Kreiner-Møller Eskil, Medina-Gomez Carolina, Uitterlinden André G, Rivadeneira Fernando, Estrada Karol
1] Department of Internal Medicine, Erasmus University Medical Center, Genetic Laboratory of Internal Medicin, Rotterdam, The Netherlands [2] COPSAC; Copenhagen Prospective Studies on Asthma in Childhood; Faculty of Health Sciences, University of Copenhagen, Copenhagen, Denmark [3] The Danish Pediatric Asthma Center; Copenhagen University Hospital, Ledreborg Alle 34, Gentofte, Denmark.
Department of Internal Medicine, Erasmus University Medical Center, Genetic Laboratory of Internal Medicin, Rotterdam, The Netherlands.
Eur J Hum Genet. 2015 Mar;23(3):395-400. doi: 10.1038/ejhg.2014.91. Epub 2014 Jun 18.

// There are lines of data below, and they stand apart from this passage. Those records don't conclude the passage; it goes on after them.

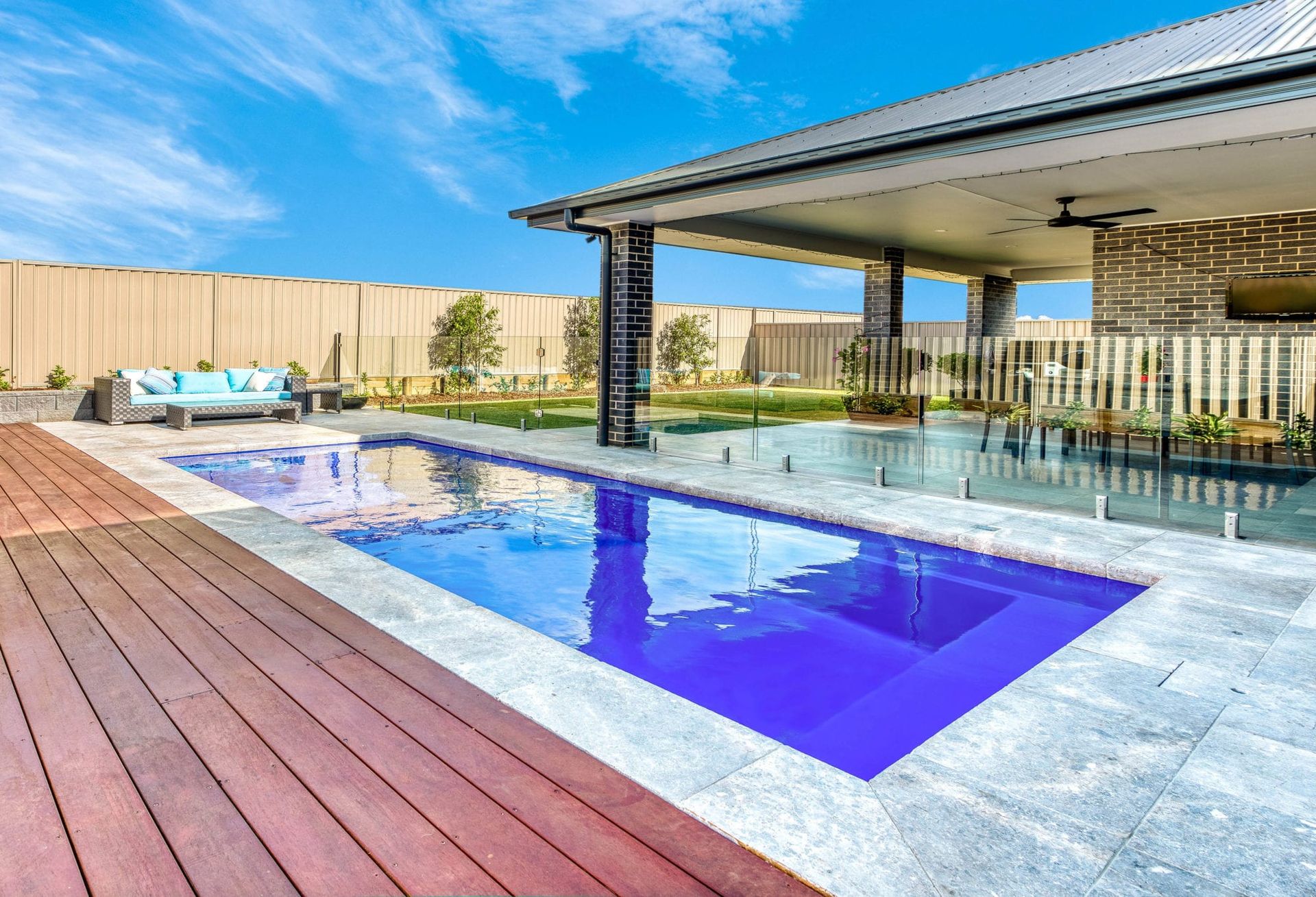 Rectangular blue pool with patio and outdoor lounge area, sunny day.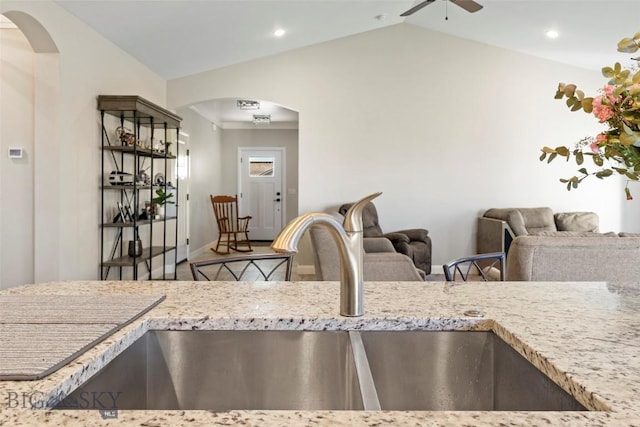 1711 Shelby Ave, Belgrade, MT 59714 - kitchen featuring a sink, vaulted ceiling, a ceiling fan, arched walkways, and light stone counters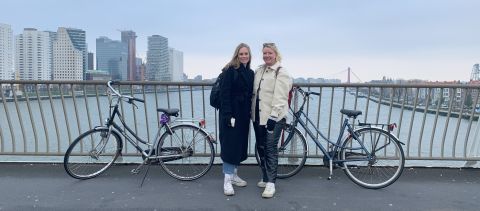 Two women on a bridge with bikes in Groningen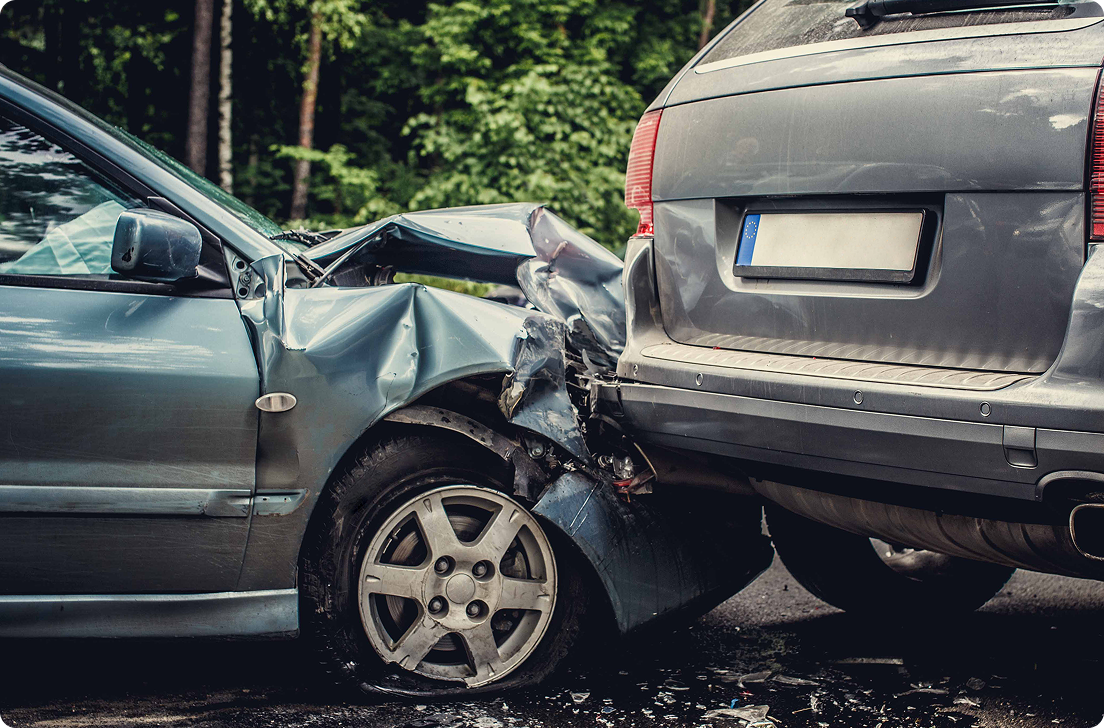 Front-end damage on a black car after a collision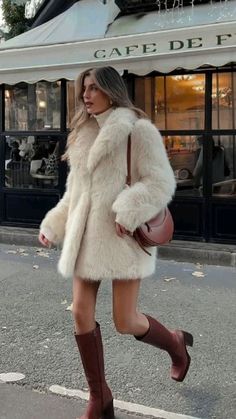 a woman is walking down the street wearing boots and a coat with fur on it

Genotype imputation has been the pillar of the success of genome-wide association studies (GWAS) for identifying common variants associated with common diseases. However, most GWAS have been run using only 60 HapMap samples as reference for imputation, meaning less frequent and rare variants not being comprehensively scrutinized. Next-generation arrays ensuring sufficient coverage together with new reference panels, as the 1000 Genomes panel, are emerging to facilitate imputation of low frequent single-nucleotide polymorphisms (minor allele frequency (MAF) <5%). In this study, we present a two-step imputation approach improving the quality of the 1000 Genomes imputation by genotyping only a subset of samples to create a local reference population on a dense array with many low-frequency markers. In this approach, the study sample, genotyped with a first generation array, is imputed first to the local reference sample genotyped on a dense array and hereafter to the 1000 Genomes reference panel. We show that mean imputation quality, measured by the r(2) using this approach, increases by 28% for variants with a MAF between 1 and 5% as compared with direct imputation to 1000 Genomes reference. Similarly, the concordance rate between calls of imputed and true genotypes was found to be significantly higher for heterozygotes (P<1e-15) and rare homozygote calls (P<1e-15) in this low frequency range. The two-step approach in our setting improves imputation quality compared with traditional direct imputation noteworthy in the low-frequency spectrum and is a cost-effective strategy in large epidemiological studies.
基因型填充一直是全基因组关联研究(GWAS)成功识别与常见疾病相关的常见变异的支柱。然而,大多数GWAS仅使用60个HapMap样本作为填充参考,这意味着低频和罕见变异没有得到全面审查。随着新一代阵列确保足够的覆盖范围以及新的参考面板(如千人基因组面板)的出现,有助于对低频单核苷酸多态性(次要等位基因频率(MAF)<5%)进行填充。在本研究中,我们提出了一种两步填充方法,通过仅对一部分样本进行基因分型,在具有许多低频标记的密集阵列上创建本地参考群体,从而提高千人基因组填充的质量。在这种方法中,先用第一代阵列进行基因分型的研究样本,首先被填充到在密集阵列上进行基因分型的本地参考样本中,然后再填充到千人基因组参考面板中。我们表明,与直接填充到千人基因组参考相比,使用这种方法,对于MAF在1%至5%之间的变异,用r(2)衡量的平均填充质量提高了28%。同样,在这个低频范围内,对于杂合子(P<1e-15)和罕见纯合子调用(P<1e-15),填充基因型与真实基因型之间的一致性率也显著更高。在我们的设置中,与传统直接填充相比,两步法在低频谱中提高了填充质量,是大型流行病学研究中的一种具有成本效益的策略。